Exercise instructions. Print, exactly and without pictures, the lines from the one where "Une cavy cage" appears down to the end of the entries.

Source records.
******************************

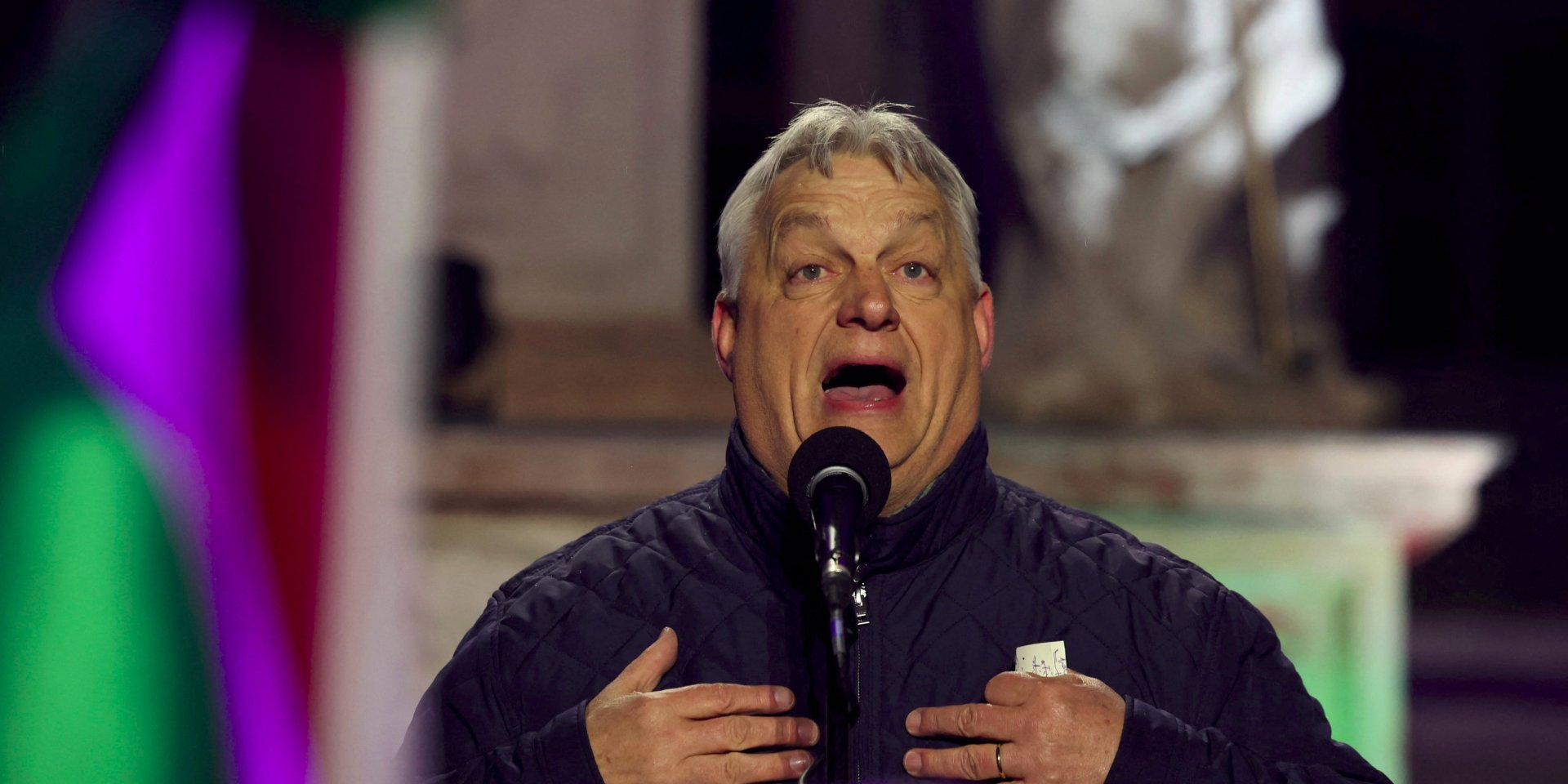Viktor Orbán during a speech in Győr on March 27, 2026 (Photo: REUTERS/Bernadett Szabo)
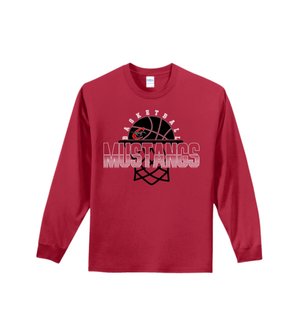RED 50/50 Long Sleeve WITH MUSTANGS BASKETBALL GRAPHIC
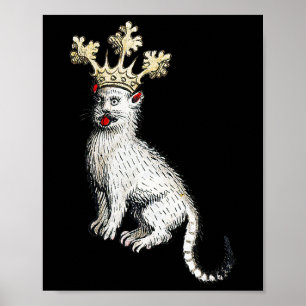 Mediaeval Cat King Antique Middle Ages Germany Poster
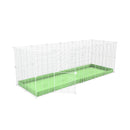 Une cavy cage 6x2 pour lapin avec un coroplast vert pastel et des grilles blanches a maillage fin par kavee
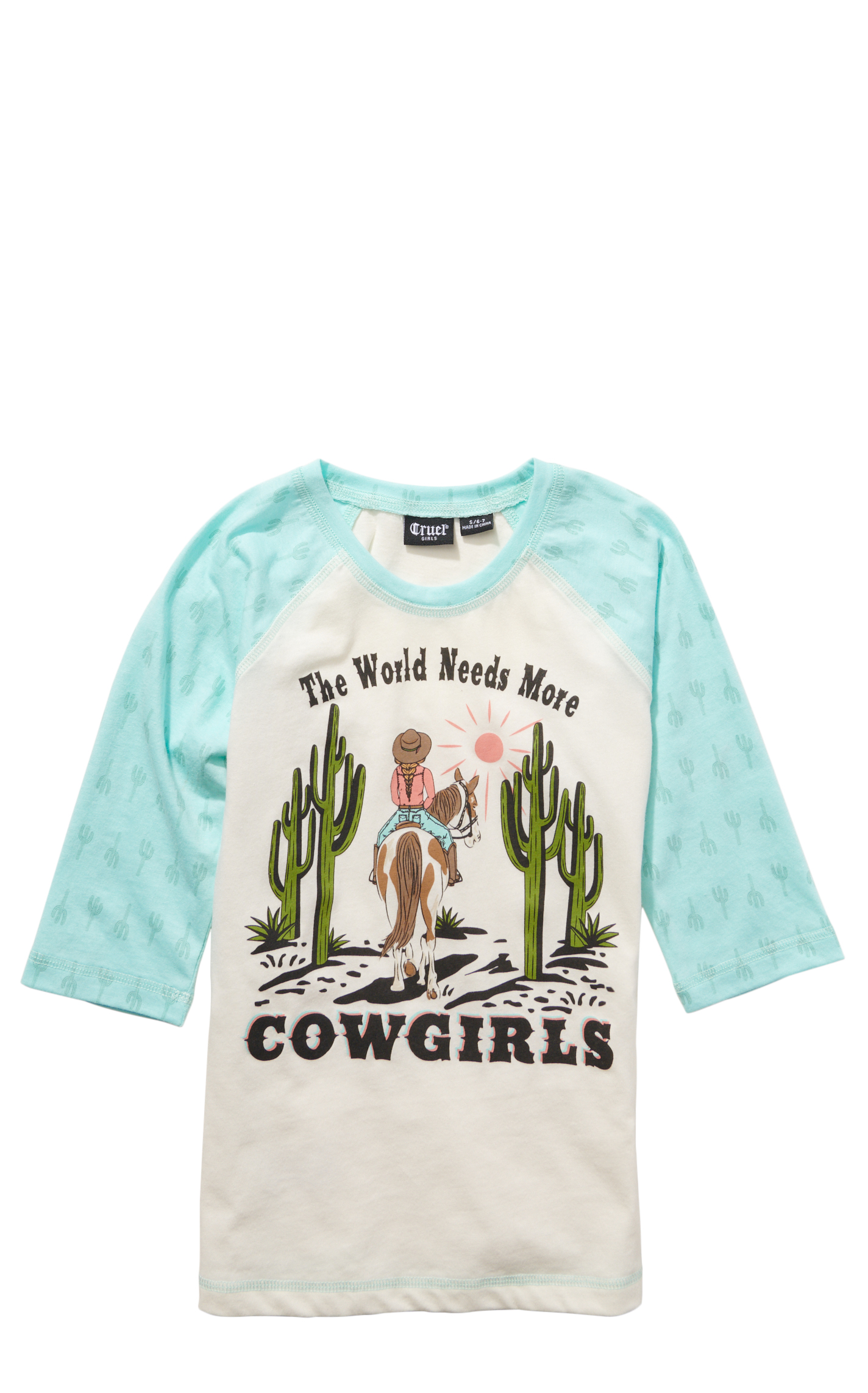 Cruel Girl Girl's White The World Needs More Cowgirls Graphic Sea Green Ragland Sleeve T-Shirt - Image 1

******************************

Output for this task.
 Une cavy cage 6x2 pour lapin avec un coroplast vert pastel et des grilles blanches a maillage fin par kavee
 Cruel Girl Girl's White The World Needs More Cowgirls Graphic Sea Green Ragland Sleeve T-Shirt - Image 1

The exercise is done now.